Но заметка Зданевича лежала в его архиве как-то уж очень специально, чтобы нашли и окончательно все уяснили. Есть в ней избыточная достоверность мистификации. Думаю, что Ильязд был тем единственным человеком (исключая, возможно, родителей), кто был посвящен в тайну исчезновения Поплавского и даже, вероятно, ссудил его (при участии какого-нибудь мецената) скромной суммой, позволившей Борису, вместо издания романов, единым движением разорвать опостылевший круг.
Другой версии у меня нет.
Корни Юрия Мамлеева — в Серебряном веке: в тусклом свечении этого серебра, просочившемся сквозь тьму Кали-Юги, он выучился сочетать арт-метафизику с помойкой, пивной и бараком. Роман «Шатуны», где свально слипаются некроидеология «подпольной элиты» и народное мракопомешательство, прочитывается как бурлескная вариация на тему Андрея Белого, надышавшего встречу образованных колыханий с сектантскими плясками почвы. Даже страдания мамлеевских литературных зверей, гиньольный садизм его умственных персонажей в отношении птичек, котят и кутят — из начала столетия, с пародийной оглядкой на тогдашние сплетни и толки, перетекшие в тексты: «…знаменитый процесс „кошкодавов“ вызывает на размышления общего свойства, а вся литература не вызывает», — писал А. Блок в статье «Вопросы, вопросы и вопросы». «В петербургских газетах разоблачали писателей-хулиганов: где-то стали пропадать кошки; что же оказалось? Компания литераторов (назывались небезызвестные имена модернистов…), собираясь пьянствовать у какого-то фрукта, истязала-де кошек… говорили потом: инцидент — газетная утка; но повод к „уткам“ подавала вся атмосфера…» — писал А. Белый в заключительном томе мемуарной трилогии.
Теперь приведу мнение самого Мамлеева, выраженное в «Опыте восстановления»: «В Москве еще сохранилось несколько глубоко интеллигентных стариков и старушек, которые знали Блока, Белого, Сологуба, встречались со Шмаковым, Успенским и т. д.
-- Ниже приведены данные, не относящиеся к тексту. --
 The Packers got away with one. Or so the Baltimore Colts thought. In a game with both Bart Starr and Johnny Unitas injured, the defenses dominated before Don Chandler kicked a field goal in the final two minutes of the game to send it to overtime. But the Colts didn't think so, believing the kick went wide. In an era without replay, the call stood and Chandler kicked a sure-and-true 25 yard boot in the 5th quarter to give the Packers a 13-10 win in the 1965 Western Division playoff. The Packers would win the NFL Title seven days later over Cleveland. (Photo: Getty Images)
Мы не раз задавали им вопрос: „на кого мы похожи?“ (конечно, в смысле „духа поколения“). Единственная ассоциация, которая приходила на ум, — это начало двадцатого века. „Здесь, в самих ваших спорах, в поведении, — твердили они, — есть что-то общее“. Мое мнение: да, действительно, общее есть, но только до определенной степени. По ту сторону этой степени — широко поле, гуляют невиданные ветры, и поют соловьи не из блоковского „Соловьиного сада“. Даже очень странные соловьи: наполовину соловьи, наполовину зловещие птицы». В том же эссе говорится о необычайной ситуации, в которой оказалась духовная элита России 50—70-х годов: никогда в истории, подчеркивает автор, душа человеческая не была так предоставлена самой себе, отрезана от традиции, религии и поставлена не перед Богом (она оторвана от него), а перед Неизвестным. Это ситуация абсолютной свободы, тождественной абсолютной же несвободе. И это не только отрицательная, но и творческая ситуация, содержащая в себе вызов, последнее испытание: они и способствовали последующему восстановлению душ тех людей, которые, как пишет Мамлеев, так сильно отличаются от всего, что «когда-либо появлялось среди человеческого рода».